I desired this concert at Herbst primarily for the presence of a String Quartet in D by Respighi, a composer not usually thought of in terms of string quartets. And now I know why: it's an early work, in an accomplished but anonymous romantic-rhapsodic style, and except for a little in the finale is devoid of the crisp zest that characterizes Respighi's mature work.
That these players are interested in such dull corners was suggested by their encore, an Adagio (again with the very slow encores) likewise in an anonymous romantic-rhapsodic style, and likewise a very early and totally uncharacteristic work of the composer, this one being Webern. Listening to very early Romantic Webern is like listening to very early hearty Americanist Elliott Carter. The mature work may be repellent, but at least it's distinctive, individual, characteristically him. This early work isn't anybody.

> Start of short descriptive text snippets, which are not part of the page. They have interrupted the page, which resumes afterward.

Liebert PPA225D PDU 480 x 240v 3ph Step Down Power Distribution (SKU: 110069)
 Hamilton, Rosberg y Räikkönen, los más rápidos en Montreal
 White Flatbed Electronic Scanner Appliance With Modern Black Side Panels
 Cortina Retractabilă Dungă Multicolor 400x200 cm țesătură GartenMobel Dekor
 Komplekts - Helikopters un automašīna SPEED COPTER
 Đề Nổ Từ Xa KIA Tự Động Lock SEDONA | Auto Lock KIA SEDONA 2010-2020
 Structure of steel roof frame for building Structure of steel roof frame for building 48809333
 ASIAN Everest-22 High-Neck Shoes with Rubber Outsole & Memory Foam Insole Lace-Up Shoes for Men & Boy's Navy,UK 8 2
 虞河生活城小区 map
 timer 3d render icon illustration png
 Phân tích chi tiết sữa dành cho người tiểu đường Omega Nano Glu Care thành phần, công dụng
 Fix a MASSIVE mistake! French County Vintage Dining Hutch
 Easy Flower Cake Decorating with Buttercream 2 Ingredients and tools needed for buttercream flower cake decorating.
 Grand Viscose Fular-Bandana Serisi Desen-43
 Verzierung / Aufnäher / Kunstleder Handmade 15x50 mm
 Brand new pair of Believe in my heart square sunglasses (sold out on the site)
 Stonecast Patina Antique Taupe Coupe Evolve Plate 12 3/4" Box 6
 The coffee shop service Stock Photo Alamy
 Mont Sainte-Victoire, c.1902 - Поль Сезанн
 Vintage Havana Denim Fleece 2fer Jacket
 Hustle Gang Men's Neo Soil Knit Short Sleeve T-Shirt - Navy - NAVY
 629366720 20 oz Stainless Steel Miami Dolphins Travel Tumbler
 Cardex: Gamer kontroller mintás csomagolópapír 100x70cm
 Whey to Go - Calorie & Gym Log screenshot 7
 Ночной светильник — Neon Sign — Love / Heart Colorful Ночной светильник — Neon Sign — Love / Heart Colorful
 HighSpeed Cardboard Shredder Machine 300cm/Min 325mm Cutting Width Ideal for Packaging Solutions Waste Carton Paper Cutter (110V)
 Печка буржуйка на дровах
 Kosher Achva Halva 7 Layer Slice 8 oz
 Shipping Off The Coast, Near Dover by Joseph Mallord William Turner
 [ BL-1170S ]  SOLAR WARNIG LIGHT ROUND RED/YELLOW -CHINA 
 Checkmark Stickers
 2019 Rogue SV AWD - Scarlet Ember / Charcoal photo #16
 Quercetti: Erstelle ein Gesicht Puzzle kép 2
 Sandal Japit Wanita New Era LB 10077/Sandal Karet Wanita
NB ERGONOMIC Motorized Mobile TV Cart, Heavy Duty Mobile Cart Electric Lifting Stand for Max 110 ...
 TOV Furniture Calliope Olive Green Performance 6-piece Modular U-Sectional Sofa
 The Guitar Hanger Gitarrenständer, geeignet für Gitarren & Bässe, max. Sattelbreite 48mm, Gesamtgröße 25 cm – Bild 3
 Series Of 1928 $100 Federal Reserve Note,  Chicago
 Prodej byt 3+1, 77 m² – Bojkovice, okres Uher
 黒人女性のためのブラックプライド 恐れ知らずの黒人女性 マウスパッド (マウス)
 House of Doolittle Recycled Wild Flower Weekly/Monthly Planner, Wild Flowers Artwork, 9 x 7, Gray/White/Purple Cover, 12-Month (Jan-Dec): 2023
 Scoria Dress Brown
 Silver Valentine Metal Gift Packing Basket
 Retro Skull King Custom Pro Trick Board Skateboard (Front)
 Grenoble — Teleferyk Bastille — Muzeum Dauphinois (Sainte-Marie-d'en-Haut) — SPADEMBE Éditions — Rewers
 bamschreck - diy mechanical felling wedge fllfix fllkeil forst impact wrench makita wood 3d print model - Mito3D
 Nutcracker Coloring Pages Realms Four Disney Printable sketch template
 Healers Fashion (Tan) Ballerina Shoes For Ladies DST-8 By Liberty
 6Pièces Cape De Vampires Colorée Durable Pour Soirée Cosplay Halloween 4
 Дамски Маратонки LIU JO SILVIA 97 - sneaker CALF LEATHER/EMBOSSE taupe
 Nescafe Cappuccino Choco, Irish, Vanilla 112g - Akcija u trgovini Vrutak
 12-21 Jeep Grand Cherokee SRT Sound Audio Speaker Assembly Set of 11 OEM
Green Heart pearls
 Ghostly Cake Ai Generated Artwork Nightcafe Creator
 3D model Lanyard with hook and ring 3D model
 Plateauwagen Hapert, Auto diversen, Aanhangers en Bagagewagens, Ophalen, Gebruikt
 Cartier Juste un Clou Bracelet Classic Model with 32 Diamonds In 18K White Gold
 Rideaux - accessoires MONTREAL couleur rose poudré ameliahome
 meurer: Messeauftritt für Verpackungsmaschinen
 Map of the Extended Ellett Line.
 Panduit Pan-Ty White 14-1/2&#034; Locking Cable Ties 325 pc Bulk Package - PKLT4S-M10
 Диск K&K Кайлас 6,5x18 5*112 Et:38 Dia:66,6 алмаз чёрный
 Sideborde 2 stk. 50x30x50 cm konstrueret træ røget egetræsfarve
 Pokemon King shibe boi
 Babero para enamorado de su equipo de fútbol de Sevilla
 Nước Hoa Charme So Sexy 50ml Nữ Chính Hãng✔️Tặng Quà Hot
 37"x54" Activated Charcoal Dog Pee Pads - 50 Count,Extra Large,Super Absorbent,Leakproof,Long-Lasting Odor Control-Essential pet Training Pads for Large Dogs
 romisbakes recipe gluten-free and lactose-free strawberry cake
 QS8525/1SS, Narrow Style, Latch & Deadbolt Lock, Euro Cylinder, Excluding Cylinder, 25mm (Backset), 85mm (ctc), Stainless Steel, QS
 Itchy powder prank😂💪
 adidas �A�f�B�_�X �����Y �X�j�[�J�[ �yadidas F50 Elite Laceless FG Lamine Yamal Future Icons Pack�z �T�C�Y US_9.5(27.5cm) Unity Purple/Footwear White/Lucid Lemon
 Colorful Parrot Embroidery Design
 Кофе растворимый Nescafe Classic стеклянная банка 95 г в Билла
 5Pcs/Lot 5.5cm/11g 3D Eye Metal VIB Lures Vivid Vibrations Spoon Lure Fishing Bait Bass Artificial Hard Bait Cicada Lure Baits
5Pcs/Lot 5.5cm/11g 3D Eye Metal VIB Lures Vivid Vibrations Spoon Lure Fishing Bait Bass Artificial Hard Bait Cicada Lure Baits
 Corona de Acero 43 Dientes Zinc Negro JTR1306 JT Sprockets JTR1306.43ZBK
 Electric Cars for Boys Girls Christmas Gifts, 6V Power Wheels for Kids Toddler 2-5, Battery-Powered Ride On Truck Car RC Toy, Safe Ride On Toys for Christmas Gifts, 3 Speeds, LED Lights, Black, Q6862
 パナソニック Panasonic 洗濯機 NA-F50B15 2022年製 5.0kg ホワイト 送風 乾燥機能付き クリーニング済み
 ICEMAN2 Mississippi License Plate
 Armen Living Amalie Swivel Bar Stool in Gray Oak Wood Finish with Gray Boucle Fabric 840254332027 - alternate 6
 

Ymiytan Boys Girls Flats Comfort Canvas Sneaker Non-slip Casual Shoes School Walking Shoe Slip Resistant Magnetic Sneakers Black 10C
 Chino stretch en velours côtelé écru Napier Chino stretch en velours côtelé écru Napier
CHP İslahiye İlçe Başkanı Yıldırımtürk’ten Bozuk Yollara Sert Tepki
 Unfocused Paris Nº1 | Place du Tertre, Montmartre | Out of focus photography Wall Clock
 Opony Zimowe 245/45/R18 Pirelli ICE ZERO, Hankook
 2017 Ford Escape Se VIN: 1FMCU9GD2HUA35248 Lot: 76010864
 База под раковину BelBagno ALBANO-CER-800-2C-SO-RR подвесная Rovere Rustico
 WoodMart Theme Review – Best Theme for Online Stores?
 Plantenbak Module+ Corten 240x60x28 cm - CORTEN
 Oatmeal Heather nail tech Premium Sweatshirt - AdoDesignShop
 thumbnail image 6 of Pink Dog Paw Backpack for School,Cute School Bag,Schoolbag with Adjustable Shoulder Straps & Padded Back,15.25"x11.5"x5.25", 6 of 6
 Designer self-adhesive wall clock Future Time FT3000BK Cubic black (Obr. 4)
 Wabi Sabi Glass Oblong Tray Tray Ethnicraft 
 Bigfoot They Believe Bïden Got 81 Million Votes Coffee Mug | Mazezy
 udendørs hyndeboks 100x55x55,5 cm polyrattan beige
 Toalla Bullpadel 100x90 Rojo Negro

Further anonymity was provided by a strange performance of Beethoven's Op. 131. Nominally in 7 movements, it's actually a single unbroken wad of music with abrupt mood changes. Rather than the movements sliding stealthily or arrestingly morphing into each other, in this performance it was like simply switching the view to a different facet. At the same time, the mood was unchanged throughout. No manic roughness or towering anguish; the Cremona performance was all cool, calm, collected. And rather dull: in particular the repetitions never gave any sense of saying something different than they had the first time, and thus became superfluous and rather irritating.
An early Boccherini quartet was more amenable to this approach, and benefited from a dry, steely playing style, but again the movements felt like facets and not like we were anywhere different.